▶ **PROBLEM TO SOLVE**
Please write out only the lines from the line with "summer in breckenridge rafting" to the line with "Những cầu thủ", inclusive, exactly as they stand below, without the pictures.

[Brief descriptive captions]
--- START ---
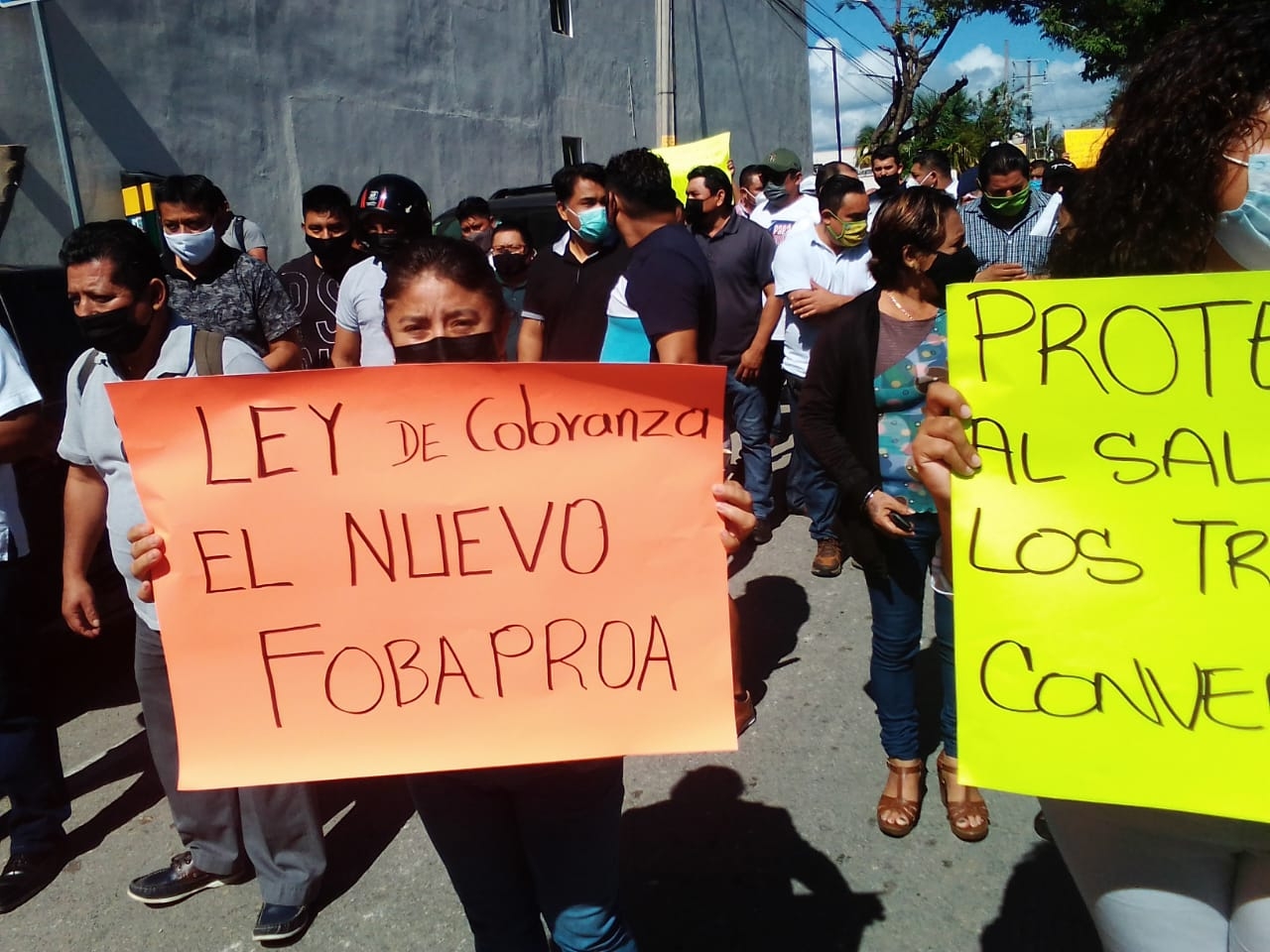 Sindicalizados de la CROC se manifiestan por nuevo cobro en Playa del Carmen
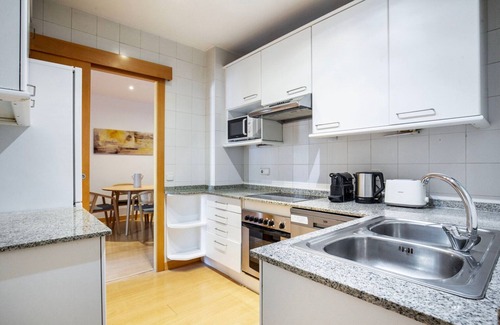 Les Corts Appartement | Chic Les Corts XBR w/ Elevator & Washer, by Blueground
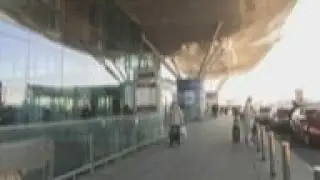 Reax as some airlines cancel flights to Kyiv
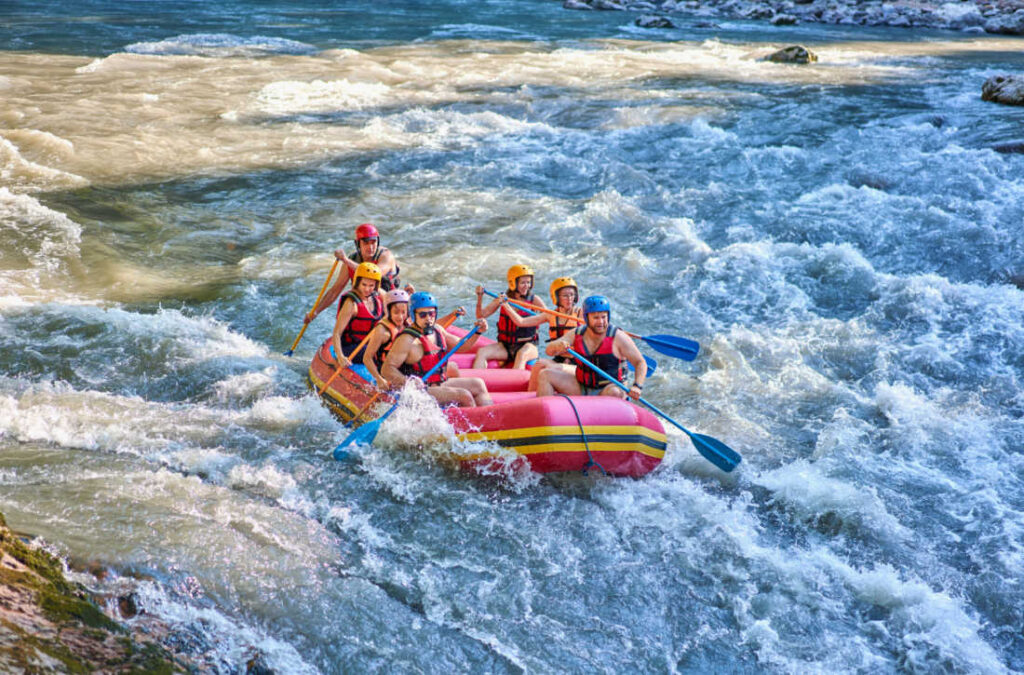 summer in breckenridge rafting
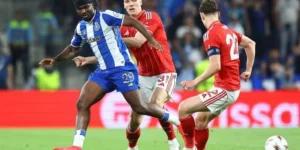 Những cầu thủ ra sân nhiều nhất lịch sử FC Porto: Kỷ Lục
--- END ---
--- START ---
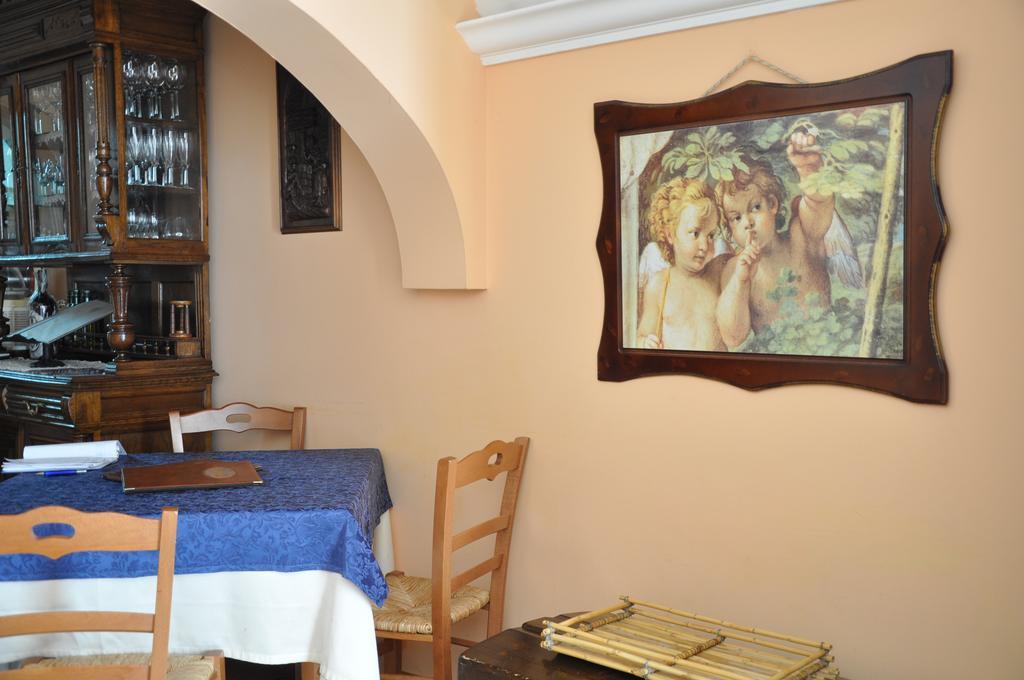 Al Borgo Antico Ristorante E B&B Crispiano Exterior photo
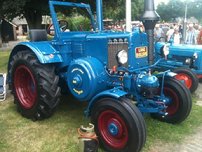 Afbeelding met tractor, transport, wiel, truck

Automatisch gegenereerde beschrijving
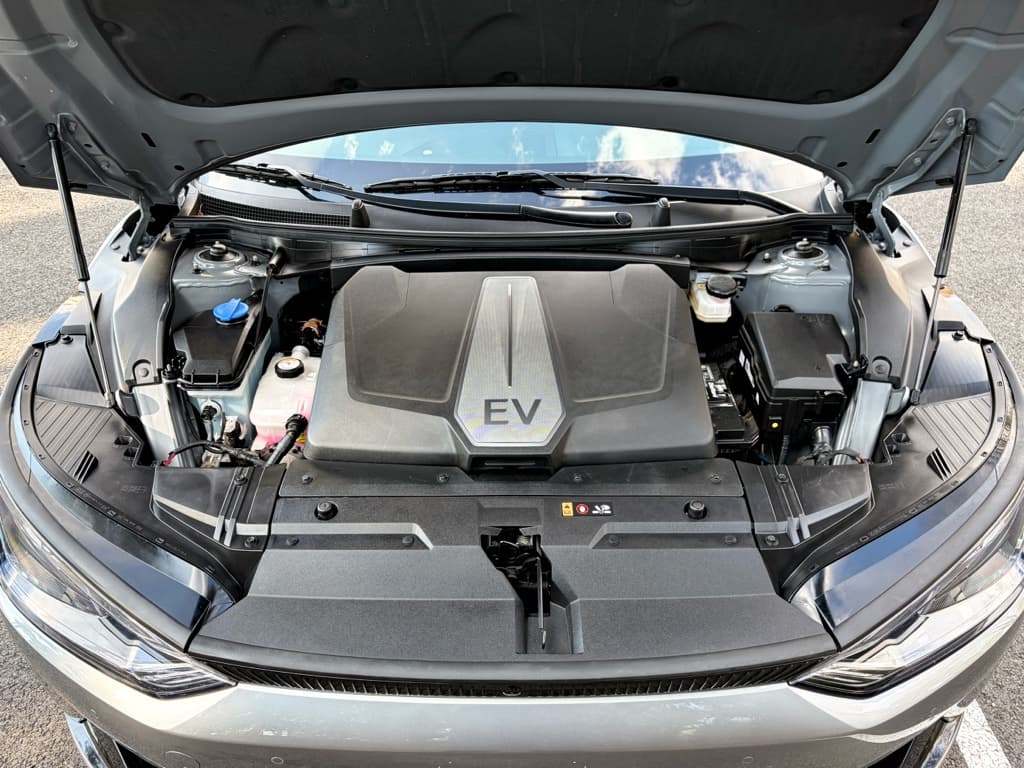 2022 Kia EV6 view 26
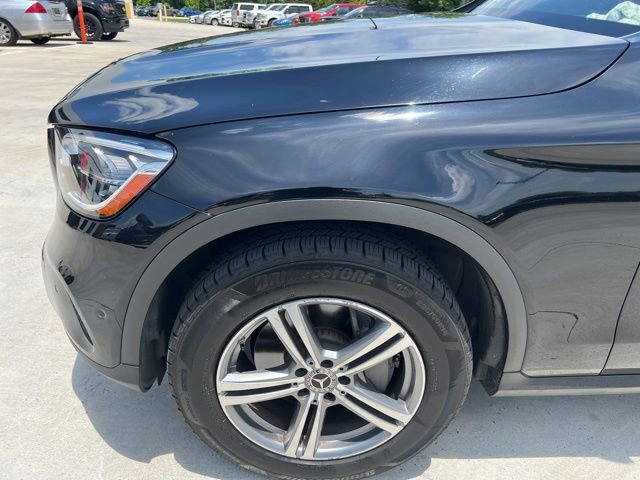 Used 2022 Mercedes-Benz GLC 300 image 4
--- END ---
▶ **ANSWER SECTION**
 summer in breckenridge rafting
 Những cầu thủ ra sân nhiều nhất lịch sử FC Porto: Kỷ Lục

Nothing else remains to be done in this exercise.